Project Description: Credit Card Default Prediction Using Machine Learning
Objective: The primary goal of this project is to develop a machine learning model that predicts the likelihood of a credit card client defaulting on their next month's payment. By accurately predicting defaults, financial institutions can manage risks more effectively, optimize credit allocation, and design targeted interventions to mitigate potential losses.
Dataset: The dataset used in this project is sourced from the UCI Machine Learning Repository and contains information on credit card clients in Taiwan. The dataset includes features such as demographic information, credit card attributes, and payment history over several months.
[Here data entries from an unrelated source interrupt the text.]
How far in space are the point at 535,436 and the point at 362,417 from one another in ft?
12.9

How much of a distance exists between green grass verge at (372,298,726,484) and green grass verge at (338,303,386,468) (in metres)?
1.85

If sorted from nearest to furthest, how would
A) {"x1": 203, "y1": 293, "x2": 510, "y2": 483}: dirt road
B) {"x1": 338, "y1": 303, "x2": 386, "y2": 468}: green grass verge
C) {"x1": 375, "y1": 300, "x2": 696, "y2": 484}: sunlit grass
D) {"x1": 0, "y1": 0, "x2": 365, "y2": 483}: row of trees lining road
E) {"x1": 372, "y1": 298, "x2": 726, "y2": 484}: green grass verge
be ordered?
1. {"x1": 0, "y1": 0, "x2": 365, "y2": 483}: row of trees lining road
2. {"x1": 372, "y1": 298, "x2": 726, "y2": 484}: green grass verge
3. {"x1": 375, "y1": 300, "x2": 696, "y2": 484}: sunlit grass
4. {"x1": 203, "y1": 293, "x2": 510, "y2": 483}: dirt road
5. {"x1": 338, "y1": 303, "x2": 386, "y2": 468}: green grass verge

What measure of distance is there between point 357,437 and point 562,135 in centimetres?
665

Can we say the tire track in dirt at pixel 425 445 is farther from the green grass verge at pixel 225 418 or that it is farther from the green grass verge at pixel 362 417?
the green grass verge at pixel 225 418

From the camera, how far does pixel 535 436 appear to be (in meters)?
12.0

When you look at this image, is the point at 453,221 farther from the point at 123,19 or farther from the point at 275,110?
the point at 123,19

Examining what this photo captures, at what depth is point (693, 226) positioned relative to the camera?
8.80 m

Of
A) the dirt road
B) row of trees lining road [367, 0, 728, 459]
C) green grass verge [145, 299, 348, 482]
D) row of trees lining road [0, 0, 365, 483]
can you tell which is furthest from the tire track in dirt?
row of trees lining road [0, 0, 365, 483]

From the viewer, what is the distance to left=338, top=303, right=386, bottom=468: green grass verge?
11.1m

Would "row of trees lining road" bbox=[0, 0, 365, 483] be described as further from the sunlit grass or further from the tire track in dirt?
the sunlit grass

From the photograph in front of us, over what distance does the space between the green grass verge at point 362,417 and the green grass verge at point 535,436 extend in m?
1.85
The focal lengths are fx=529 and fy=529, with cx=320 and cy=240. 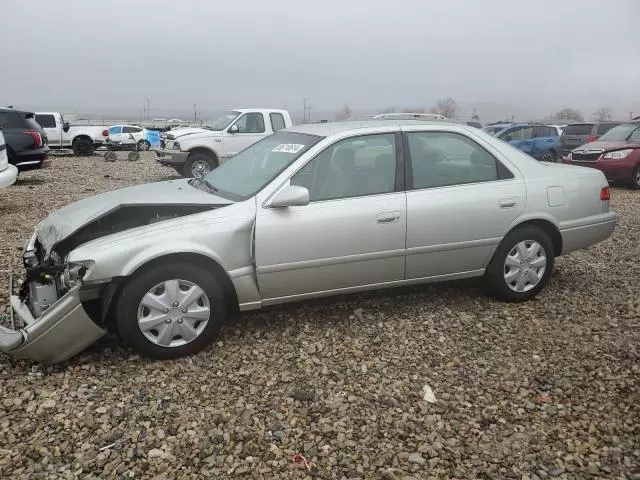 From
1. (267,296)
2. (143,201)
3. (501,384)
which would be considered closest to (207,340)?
(267,296)

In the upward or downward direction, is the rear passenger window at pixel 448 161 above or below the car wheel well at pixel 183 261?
above

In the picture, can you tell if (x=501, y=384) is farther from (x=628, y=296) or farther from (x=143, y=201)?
(x=143, y=201)

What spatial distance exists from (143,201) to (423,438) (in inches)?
97.9

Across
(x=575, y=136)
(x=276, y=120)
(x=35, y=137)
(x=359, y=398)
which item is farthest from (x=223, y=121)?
(x=575, y=136)

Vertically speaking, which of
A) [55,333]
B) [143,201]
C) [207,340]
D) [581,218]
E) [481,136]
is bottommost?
[207,340]

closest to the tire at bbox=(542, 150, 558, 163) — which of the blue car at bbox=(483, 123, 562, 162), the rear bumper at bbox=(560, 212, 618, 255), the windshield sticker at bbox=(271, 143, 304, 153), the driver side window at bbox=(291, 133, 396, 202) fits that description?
the blue car at bbox=(483, 123, 562, 162)

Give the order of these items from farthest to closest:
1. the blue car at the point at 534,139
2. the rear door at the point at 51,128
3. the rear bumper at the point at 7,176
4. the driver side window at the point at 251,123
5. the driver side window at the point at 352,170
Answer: the rear door at the point at 51,128
the blue car at the point at 534,139
the driver side window at the point at 251,123
the rear bumper at the point at 7,176
the driver side window at the point at 352,170

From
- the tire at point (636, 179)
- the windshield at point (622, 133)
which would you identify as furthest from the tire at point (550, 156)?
the tire at point (636, 179)

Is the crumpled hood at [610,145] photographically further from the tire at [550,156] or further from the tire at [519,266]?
the tire at [519,266]

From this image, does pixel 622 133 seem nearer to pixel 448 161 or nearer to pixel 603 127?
pixel 603 127

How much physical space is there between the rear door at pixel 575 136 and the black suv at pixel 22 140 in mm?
16473

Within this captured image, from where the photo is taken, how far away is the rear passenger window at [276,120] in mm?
12586

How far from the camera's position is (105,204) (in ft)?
12.7

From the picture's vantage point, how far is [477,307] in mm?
4336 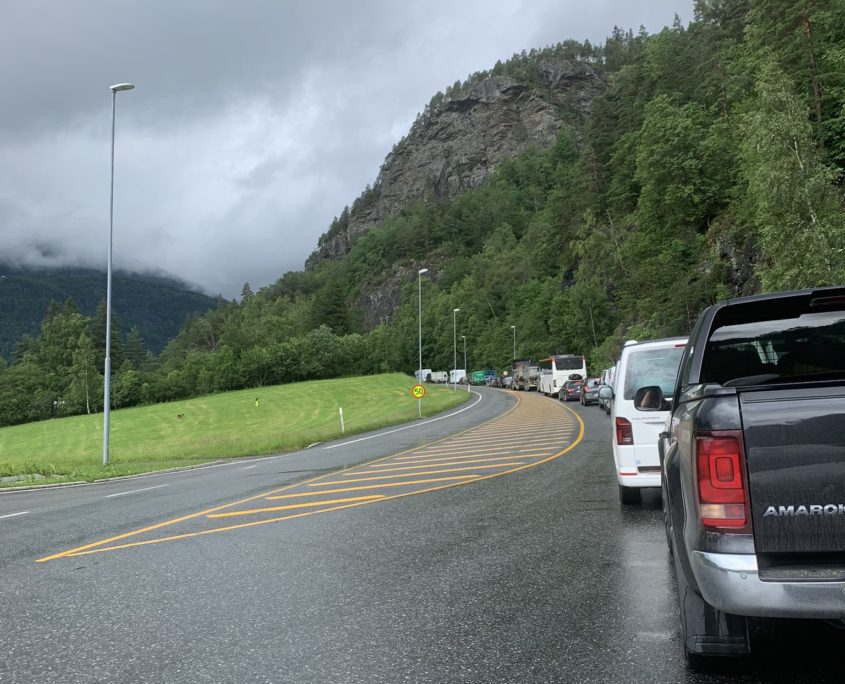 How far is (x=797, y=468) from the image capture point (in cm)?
290

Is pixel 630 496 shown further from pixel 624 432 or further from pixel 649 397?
pixel 649 397

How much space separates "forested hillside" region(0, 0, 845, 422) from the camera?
32094 millimetres

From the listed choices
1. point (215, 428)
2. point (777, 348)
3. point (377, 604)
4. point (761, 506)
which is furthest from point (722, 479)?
point (215, 428)

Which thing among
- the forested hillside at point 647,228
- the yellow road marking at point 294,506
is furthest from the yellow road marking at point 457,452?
the forested hillside at point 647,228

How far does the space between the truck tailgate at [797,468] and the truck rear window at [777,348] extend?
1340mm

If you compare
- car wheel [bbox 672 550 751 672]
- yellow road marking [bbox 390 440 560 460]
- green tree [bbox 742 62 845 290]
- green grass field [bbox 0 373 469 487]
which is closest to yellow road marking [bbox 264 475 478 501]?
yellow road marking [bbox 390 440 560 460]

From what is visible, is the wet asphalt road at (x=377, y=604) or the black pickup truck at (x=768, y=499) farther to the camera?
the wet asphalt road at (x=377, y=604)

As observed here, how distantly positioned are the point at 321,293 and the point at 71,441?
81.4m

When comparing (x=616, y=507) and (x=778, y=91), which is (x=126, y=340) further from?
(x=616, y=507)

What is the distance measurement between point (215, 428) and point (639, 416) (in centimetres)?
5380

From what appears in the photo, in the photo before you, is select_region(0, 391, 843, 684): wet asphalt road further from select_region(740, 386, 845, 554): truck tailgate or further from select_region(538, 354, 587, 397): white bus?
select_region(538, 354, 587, 397): white bus

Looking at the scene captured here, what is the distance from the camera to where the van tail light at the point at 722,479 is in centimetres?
297

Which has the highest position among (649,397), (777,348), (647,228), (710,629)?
(647,228)

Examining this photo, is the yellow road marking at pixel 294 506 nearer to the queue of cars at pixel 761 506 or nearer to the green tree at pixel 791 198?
the queue of cars at pixel 761 506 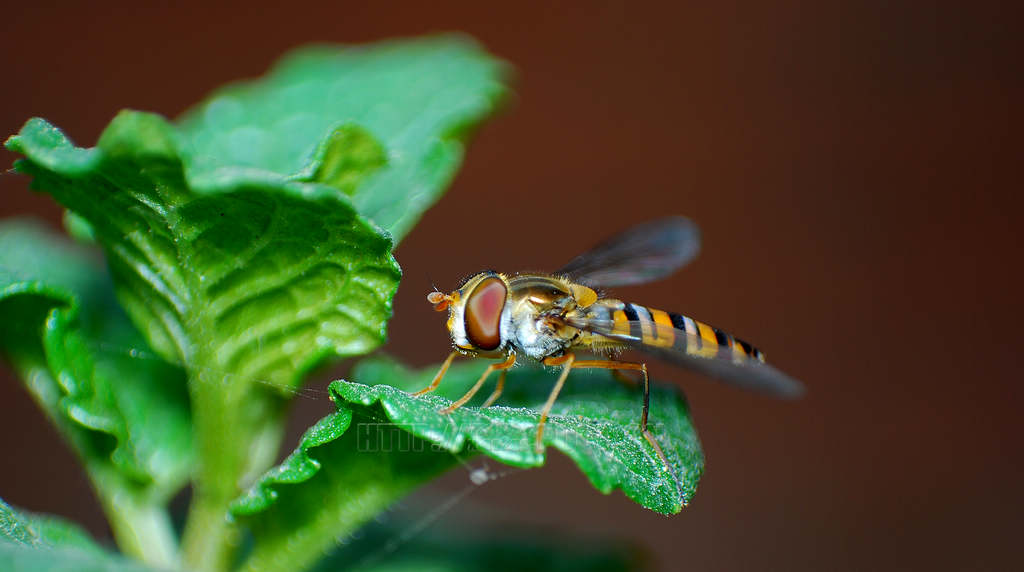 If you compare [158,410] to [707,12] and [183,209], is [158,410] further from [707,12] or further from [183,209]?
[707,12]

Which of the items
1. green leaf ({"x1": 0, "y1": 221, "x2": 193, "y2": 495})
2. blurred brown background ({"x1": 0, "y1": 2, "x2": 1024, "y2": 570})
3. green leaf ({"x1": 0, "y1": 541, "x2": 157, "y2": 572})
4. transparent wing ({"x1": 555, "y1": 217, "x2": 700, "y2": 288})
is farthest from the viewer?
blurred brown background ({"x1": 0, "y1": 2, "x2": 1024, "y2": 570})

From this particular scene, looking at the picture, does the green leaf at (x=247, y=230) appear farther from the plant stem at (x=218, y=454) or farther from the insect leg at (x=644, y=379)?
the insect leg at (x=644, y=379)

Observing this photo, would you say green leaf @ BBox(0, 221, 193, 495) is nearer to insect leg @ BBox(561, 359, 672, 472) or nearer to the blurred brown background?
insect leg @ BBox(561, 359, 672, 472)

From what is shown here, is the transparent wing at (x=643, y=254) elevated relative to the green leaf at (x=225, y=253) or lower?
elevated

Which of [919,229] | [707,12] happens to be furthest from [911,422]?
[707,12]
The target variable is a binary indicator of whether a client defaulted on their next payment.
Key Features:
LIMIT_BAL: Credit limit of the client.
SEX: Gender of the client.
EDUCATION: Education level of the client.
MARRIAGE: Marital status of the client.
AGE: Age of the client.
PAY_0 to PAY_6: Repayment status from April to September.
BILL_AMT1 to BILL_AMT6: Bill statements from April to September.
PAY_AMT1 to PAY_AMT6: Payment amounts from April to September.
default.payment.next.month: Target variable indicating if the client defaulted (1) or not (0).
Exploratory Data Analysis (EDA):
Distribution plots were created for key features such as credit limit, age, gender, education, and marital status.
Correlation heatmaps were used to identify relationships between features.
Box plots highlighted the distribution and outliers for continuous features.
Feature Engineering:
No significant feature engineering was required as the dataset already contained well-defined features relevant to credit default prediction.
Model Building:
Various machine learning models were trained and evaluated, including Logistic Regression, Decision Trees, and Random Forests.
Hyperparameter tuning was performed using grid search to identify the best model configuration.
Model Evaluation:
The final model was evaluated using classification metrics such as precision, recall, F1-score, and accuracy.
ROC-AUC score was used to assess the model's ability to distinguish between defaulters and non-defaulters.
Gain and ROC curves provided visual insights into the model's performance.
Final Model and Results:
The best model was a Random Forest classifier with hyperparameters: max_depth=10, min_samples_leaf=1, min_samples_split=5, n_estimators=300.
The final model achieved an accuracy of 0.82 and an ROC-AUC score of 0.76.
The model showed good performance in predicting non-defaults but had lower recall for defaults, indicating room for improvement in identifying defaulters.
SHAP Analysis:
SHAP values were used to interpret the model's predictions and identify the most influential features.
Key features influencing the prediction included repayment status (PAY_0), credit limit (LIMIT_BAL), and recent payment amounts (PAY_AMT1).
Conclusion: The project successfully developed a machine learning model to predict credit card defaults with good overall performance. The model can help financial institutions manage credit risk by identifying high-risk clients. However, further improvements are needed to enhance the model's recall for defaulters. Future work could explore additional features, alternative models, and advanced techniques for handling class imbalance.